The messengers were able to easily avoid the eye's gaze, but it affected the monsters in droves. After the eye's gaze had moved on, the monsters left behind were soon melting in the sky, gobbets of wet flesh rotting away to fall like raindrops. Even with the lack of empathy quintessential to messengers, it was a horrifying sight. The information they had on Asano suggested a foolish hero complex, but this was not the power of a hero. It wasn't even the power of a villain. As dead flesh rained across the entire city district, it felt like the punishment of a vengeful god.
Fal scoffed at his own thought. Messengers were not afraid of gods and Asano was not one in any case, even if his pyramid felt like a temple. Despite its bizarre power, he knew the building could not project Asano’s aura without Asano being present, meaning he had found his target. A soul-bound item lacked a strong enough connection to the soul to be a source of the true aura being projected by the building. Asano had to be inside, using the building to amplify his power.
The messengers continued to throw their summons at the vehicles below, cannon fodder they were happy to let die. While the defenders had not yet been forced to emerge, their weapons proving so successful, the situation could only be sustained for so long. Most weapons on adventurer vehicles were designed to fend off the odd monster attack and make the occasional hunt. They were not built for war and the sustained fire they were currently pumping out. Whether their power supplies ran low or the weapons were overtaxed and shut down, they would only last so long.
Fal guessed there would be a few exceptions, almost certainly including the two cloud buildings, But inevitably, most of the vehicles would stop firing before the summoned monsters stopped coming. Then the defenders would show themselves, and things would go badly for them. This particular attack force included a higher proportion of gold-rankers than normal, so they could reliably break into the vehicles once they were exposed.

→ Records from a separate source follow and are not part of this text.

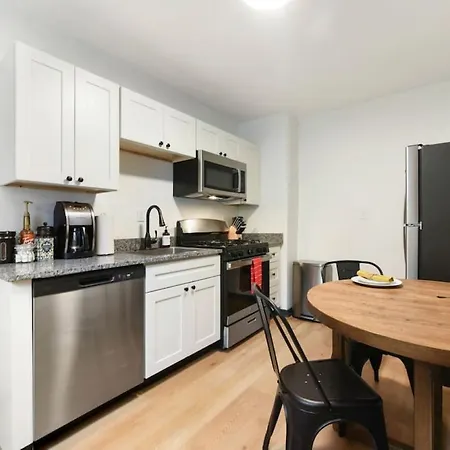 Hostwise Stays - Pet Friendly Butler St Apt, Ground Floor With Private Entrance-2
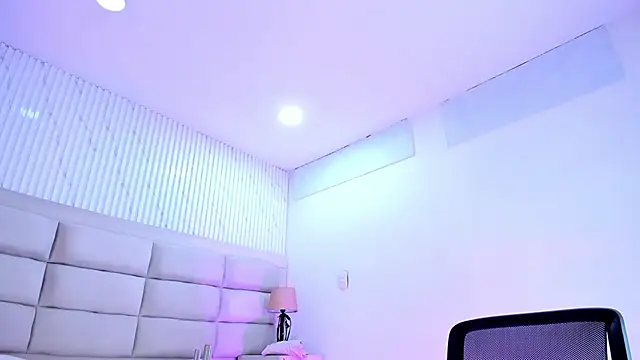 Snapshot of CarolineFyre chatting on March 22, 2026, 12:50 pm CarolineFyre online show from March 22, 2026, 12:50 pm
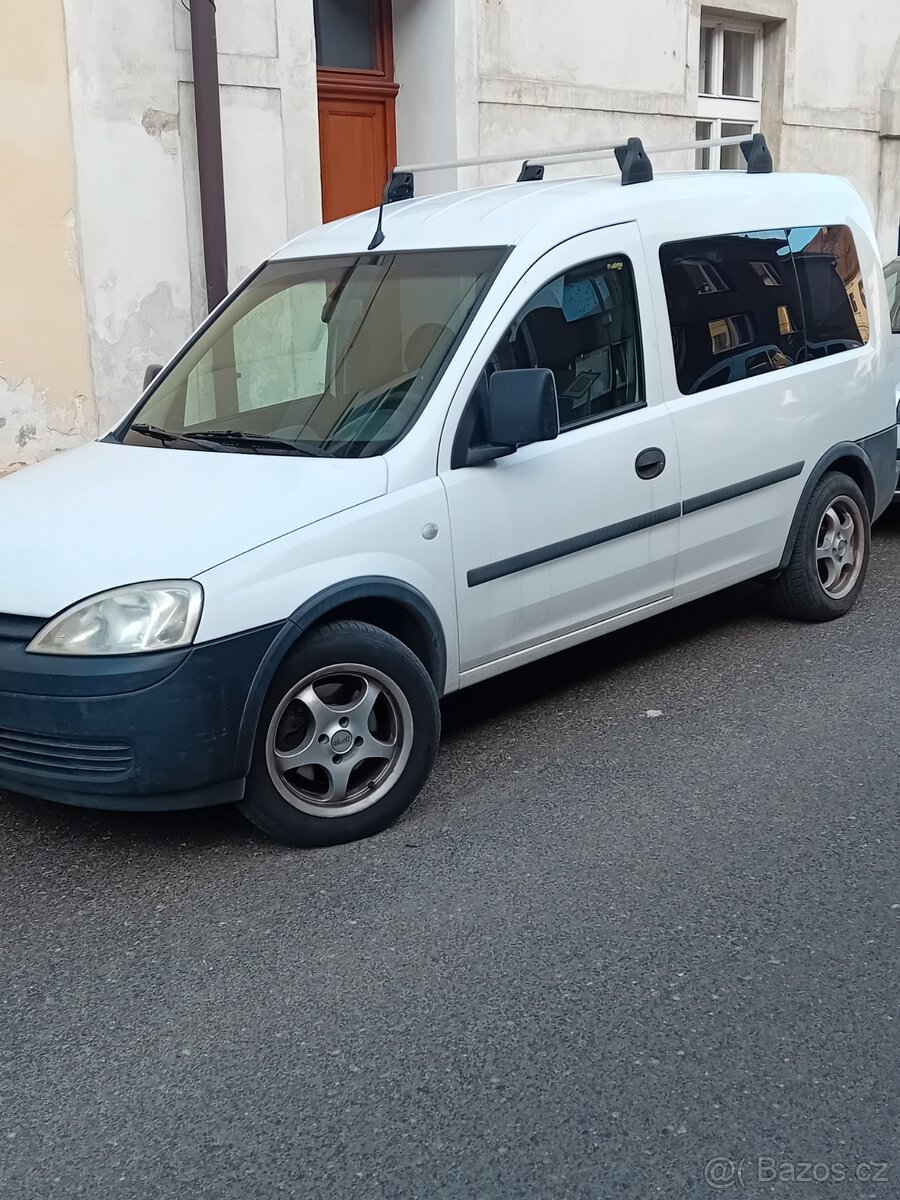 Combo 1.3 Cdti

Fal had his own mission that only required cracking open one of the vehicles. He sought out the gold-rank commander of the messenger forces.
“We need to invade the pyramid,” Fal told him. “The outworlder, Jason Asano, is in there. The Voice of the Will wants–”

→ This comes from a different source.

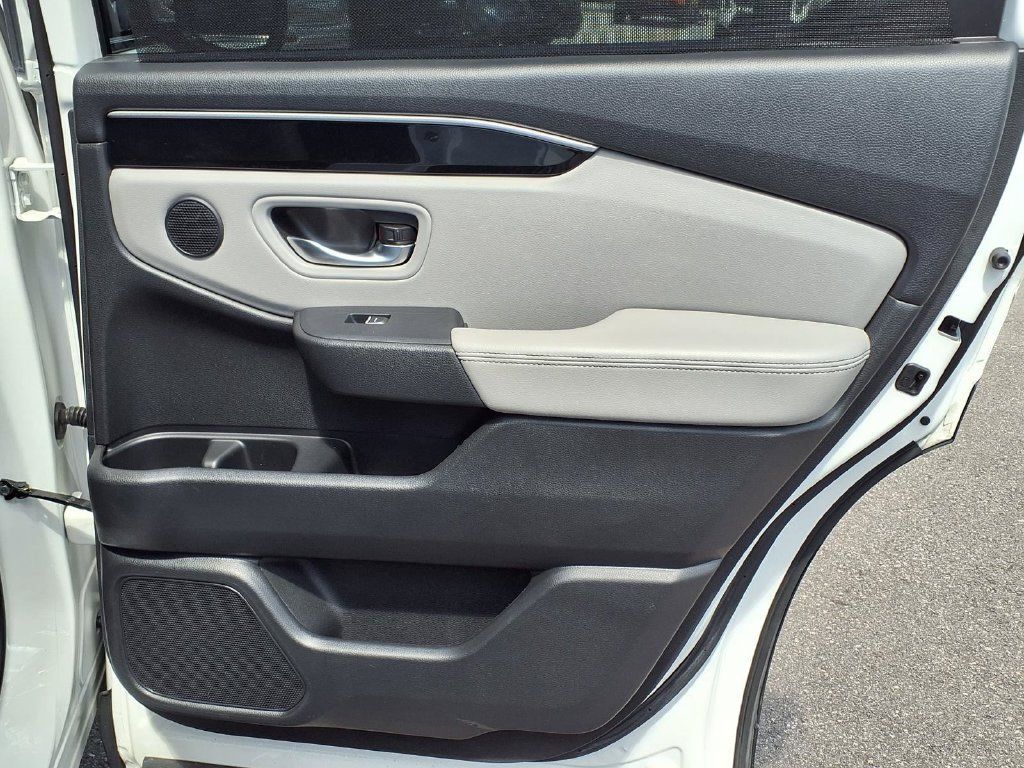 Used 2025 Honda Pilot EX-L image 14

“I agree,” the commander said, cutting him off. Fal had been expecting more of an argument.
“The voice made it clear that Asano is the priority in this zone,” the commander continued. “My orders are to facilitate a confrontation between you and Asano where you can use your isolation power to duel him. Even if they weren’t, that pyramid is a problem. It isn’t as much of a threat to ourselves as the gold-rank cloud building, but it’s killing the summons far too quickly. I want it dealt with before the adventurers are forced to come out and face us, so we have as much fodder as possible.”
“You’ll gather the gold-rankers for an attack, then?” Fal asked. The higher percentage of gold-rankers reflected Jes Fin Kaal’s priorities.

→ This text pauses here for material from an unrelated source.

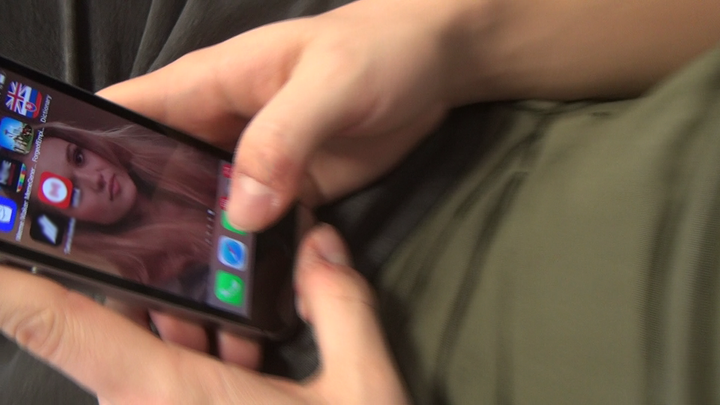 Semafor - Laura Petersen na pozadí v mobile Gregora Milera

“My information is that Asano is arrogant and likes to make public demonstrations. You may be able to lure him from the building for a duel. If you kill him, his building will be greatly diminished, perhaps even going dormant entirely. If he kills you, we will catch him outside the building if we can and chase him into it if we can’t.”
The commander was testing his nerve. It was clear enough that the man was one of the voice’s lackeys, which was shameful for a gold-ranker. His job involved making sure that Fal did as instructed. Fal didn't care, as he only had to do one thing to spite the commander and the foul woman he served: win a fight.